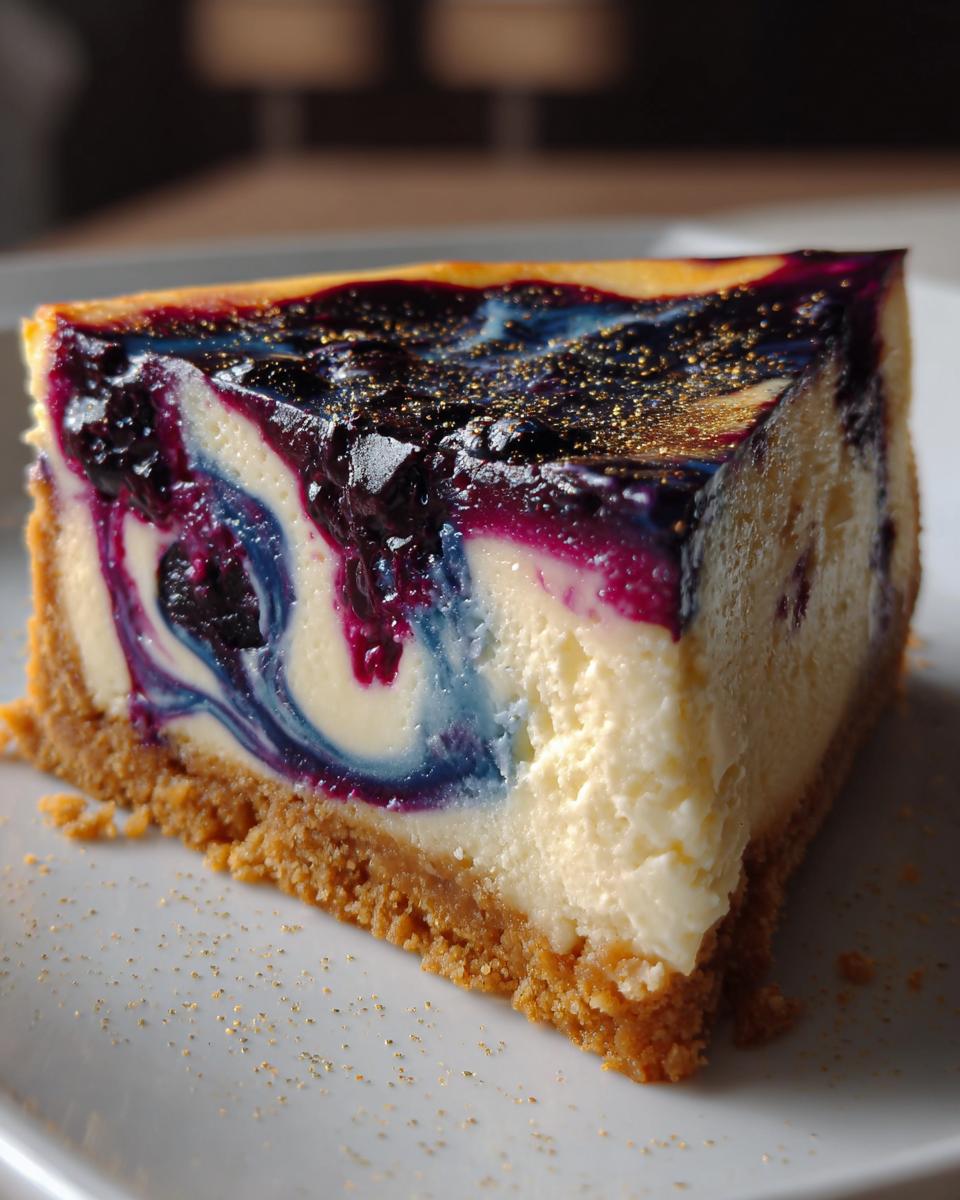 Midnight Blueberry Cheesecake - Detail 2
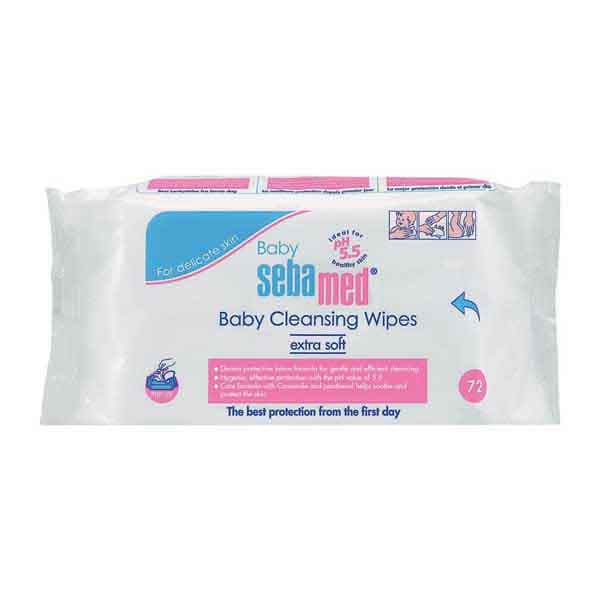 Sebamed Baby Cleansing Wipes 72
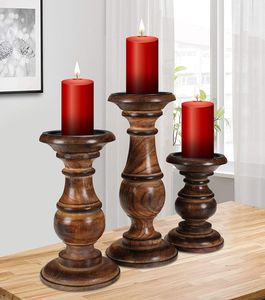 Round Wooden Candle Holder Handmade Eco-Friendly Durable Customizable Antique Style Home Decoration for Birthday and Festival - Product Image 6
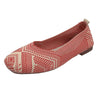 Knitted Square-toed Ballet Flats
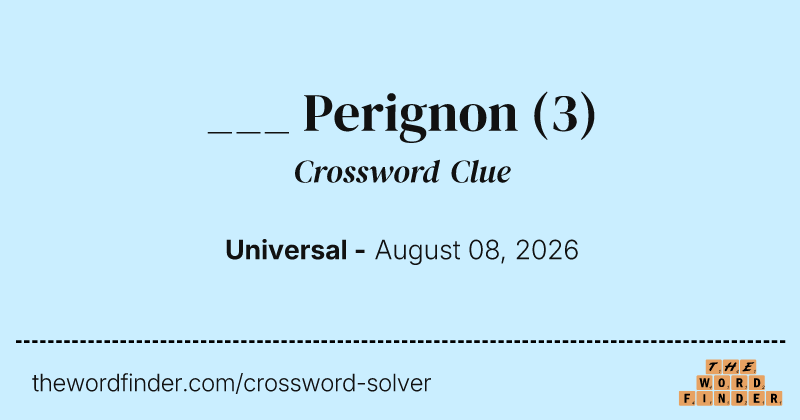 ___ Perignon crossword clue image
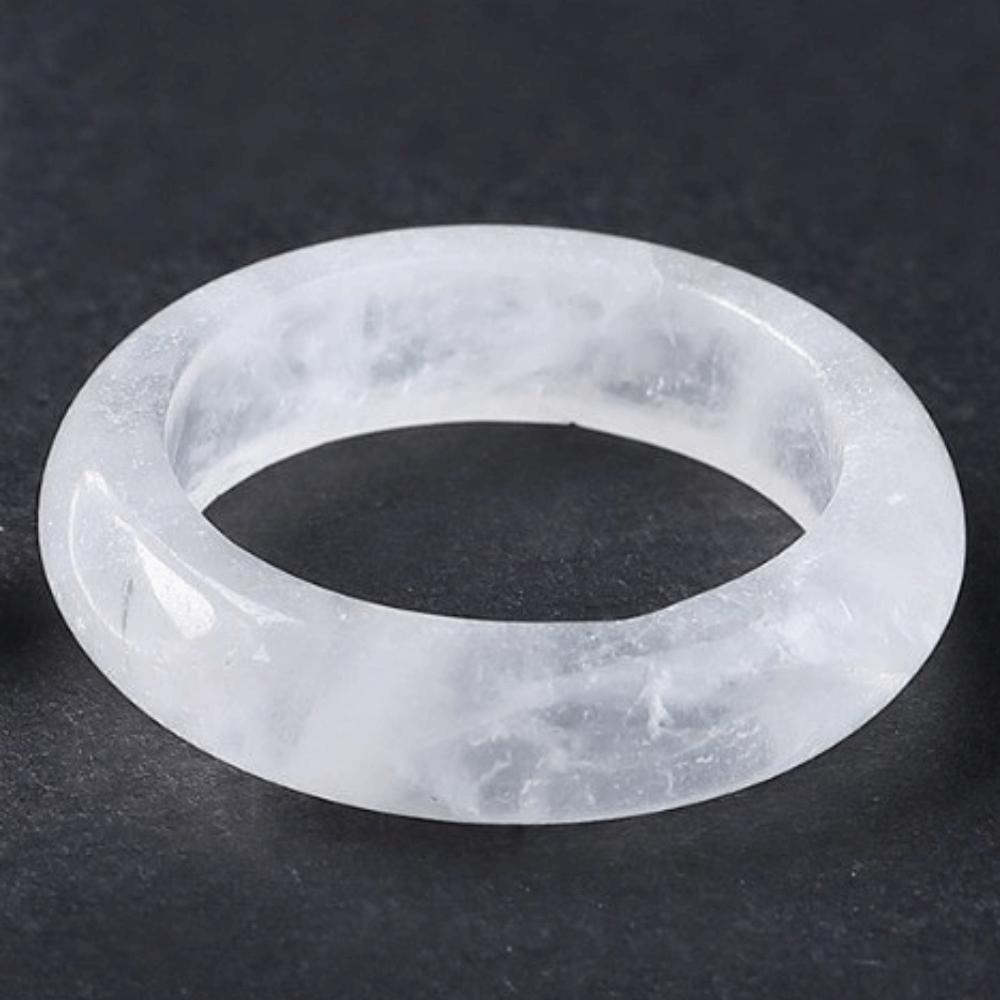 

Elegant Minimalist Ring Obsidian Stone Jewelry Finger Ring Crystal Stone Band Rings Women Style E
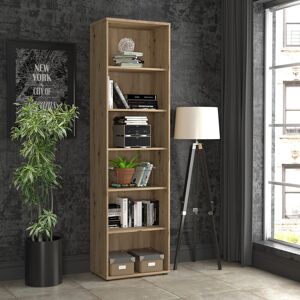 Wade Logan Frogerth Bookcase Artisan Oak 197.5cm H x 54cm W x 34.8cm D Wade Logan Frogerth Bookcase Artisan Oak 197.5cm H x 54cm W x 34.8cm D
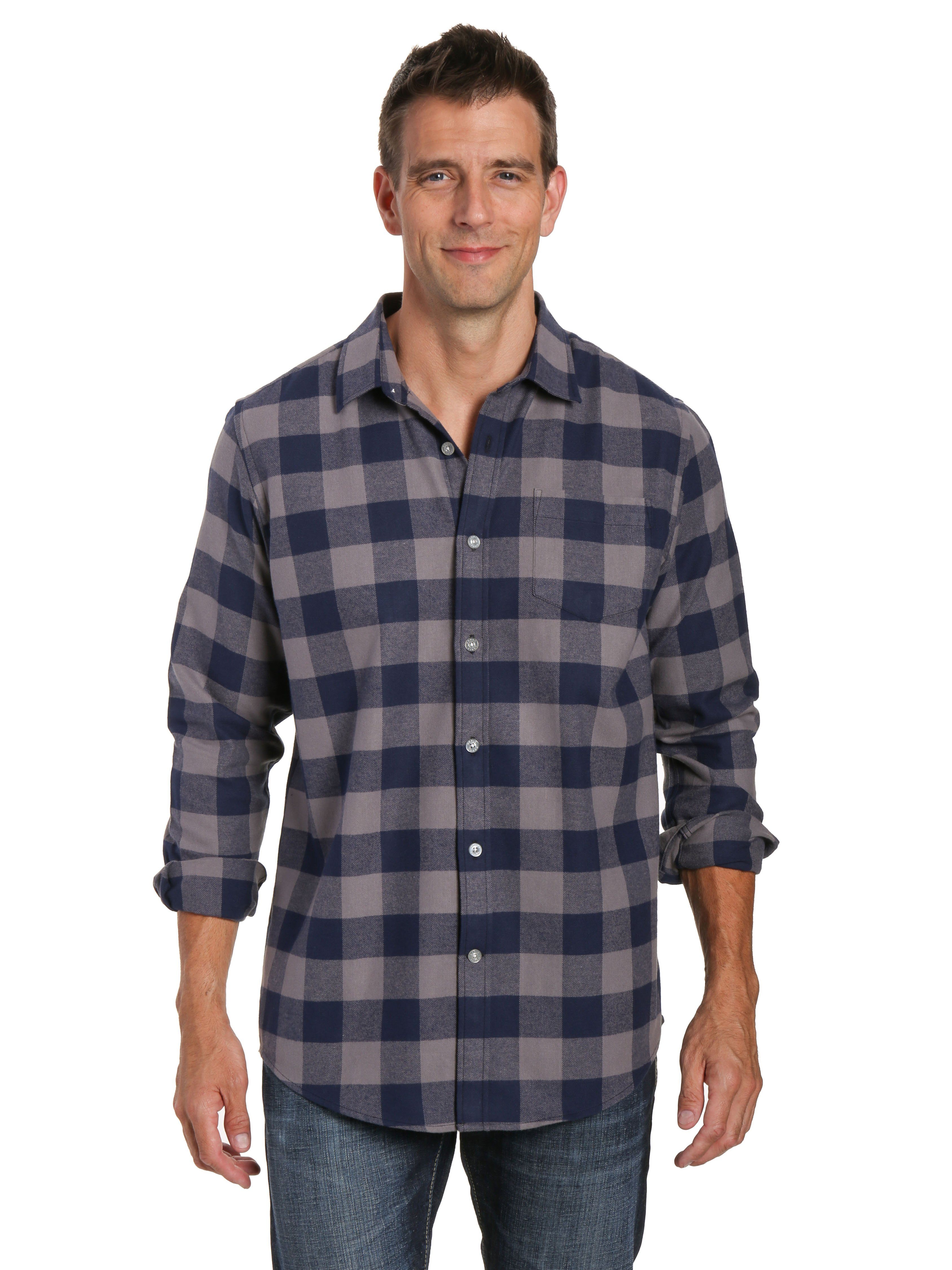 Mens 100 Cotton  Flannel  Shirt  Regular Fit Noble Mount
● ● ● ● ● ● ●
**EXERCISE INSTRUCTIONS**
The lines from the one containing "34.8cm D Wade" through the last line above are to be repeated exactly, and only those. Any pictures must be left out.

**SOLUTION FOR THIS EXERCISE**
 Wade Logan Frogerth Bookcase Artisan Oak 197.5cm H x 54cm W x 34.8cm D Wade Logan Frogerth Bookcase Artisan Oak 197.5cm H x 54cm W x 34.8cm D
 Mens 100 Cotton  Flannel  Shirt  Regular Fit Noble Mount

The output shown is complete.